Wie ein Staubsauger sieht das Gerät aus, das Forscher Fabian Roger in einer Graslandschaft in Südschweden aufgebaut hat. Mit diesem Aerosol-Sammler gelingt es seiner Arbeitsgruppe von der Universität Lund, sogenannte Umwelt-DNA förmlich aus der Luft zu greifen.
Es handelt sich dabei um gefilterte Erbgutschnipsel, die von Tieren, von Pflanzen und Pilzen stammen. «In unseren Proben finden wir über 1'800 verschiedene Gen-Sequenzen», sagt der deutsche Ökologe Roger.
Darunter sei Genmaterial von 84 verschiedenen Insektenarten, das er selbst habe zuordnen können – von Schmetterlingen, Fliegen und Wespen genauso wie von Käfern und Ameisen.
Insekten hinterlassen Partikel
Luft sei im Grunde ebenso viskos wie Wasser, erläutert Roger: «Wenn ein Teilchen klein genug ist, dann bleibt es darin schweben.» Und Insekten hinterliessen winzige Partikel in der Luft, etwa Haare, Haut- oder Flügelschuppen.
In diesen «Brei» aus gefilterten Aerosolen tauchen die Forscher aus Lund genetische Sonden. Diese binden charakteristische Abschnitte von Genomen, zum Beispiel von Schmetterlingen oder Schwebfliegen, an sich – wie Magnete.
Die Sonden halten sozusagen den genetischen Fingerabdruck bestimmter Arten fest.
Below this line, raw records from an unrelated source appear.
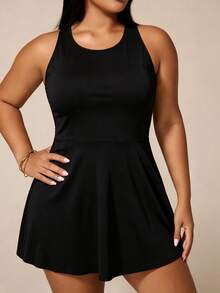 SHEIN Rhythm Era Rhythm Era Plus Size Women's Floral Print Criss-Cross Back Sports Dress With Shorts - Black - View 4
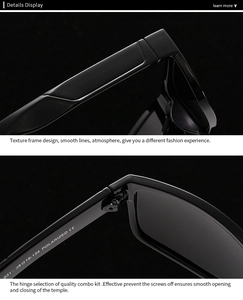 Detail of polarized sunglasses hinge and inner temple with CE mark and model numbers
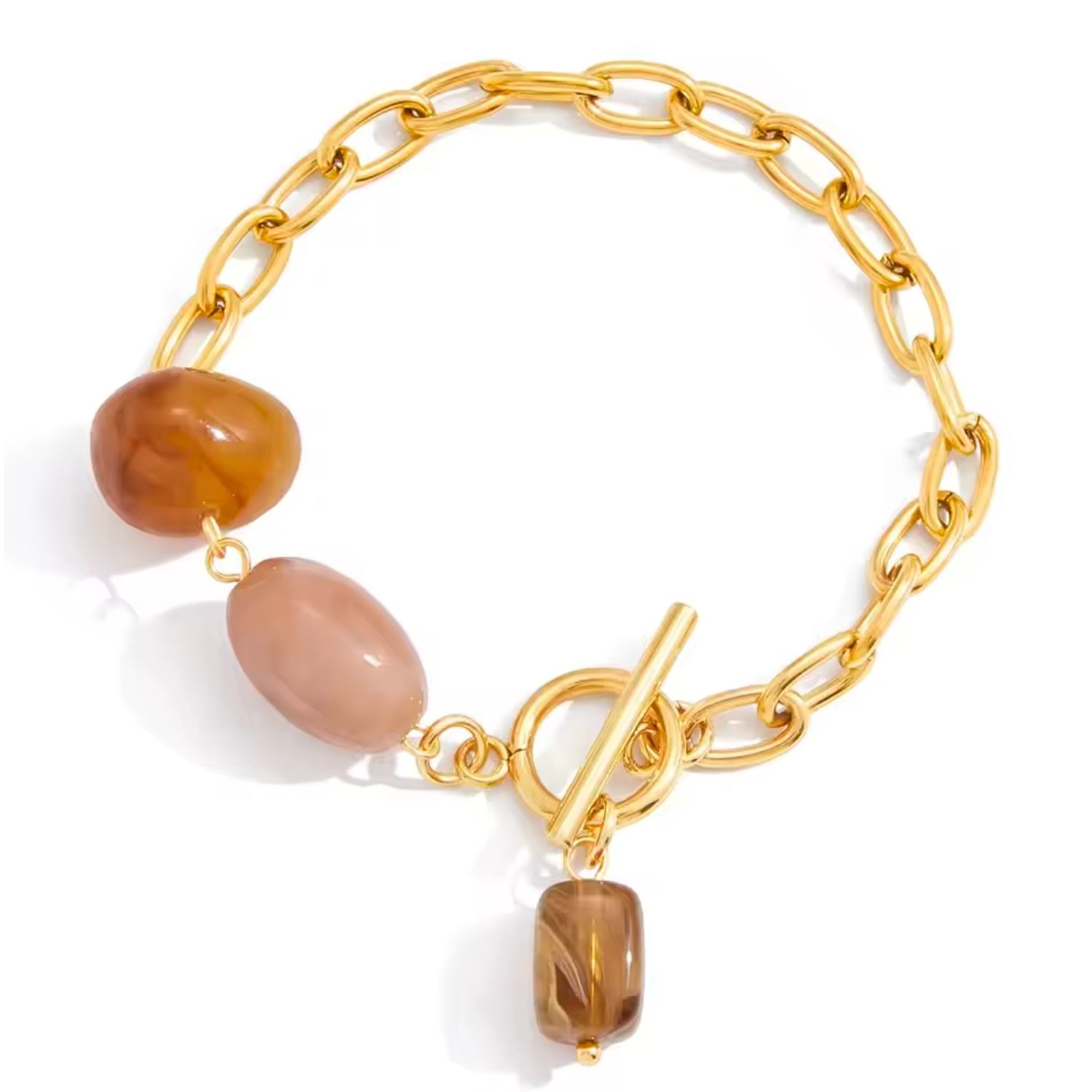Olivia Le Women's Neutrals Gold Neutral Resin Stone Charm Bracelet In Gold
Die Methode nennt sich «Metabarcoding».
Überwachen von Schädlingen
Von vielen Insekten, die in der ausgewählten Testfläche nachweislich vorkommen, fand sich bisher zwar kein genetisches Material in den Filterproben.
Doch dafür suchten die Forscher auch noch nicht spezifisch genug. Die Methode lasse sich noch optimieren, sagt Roger: «Das war jetzt die erste Studie, um zu zeigen, dass es überhaupt funktioniert.»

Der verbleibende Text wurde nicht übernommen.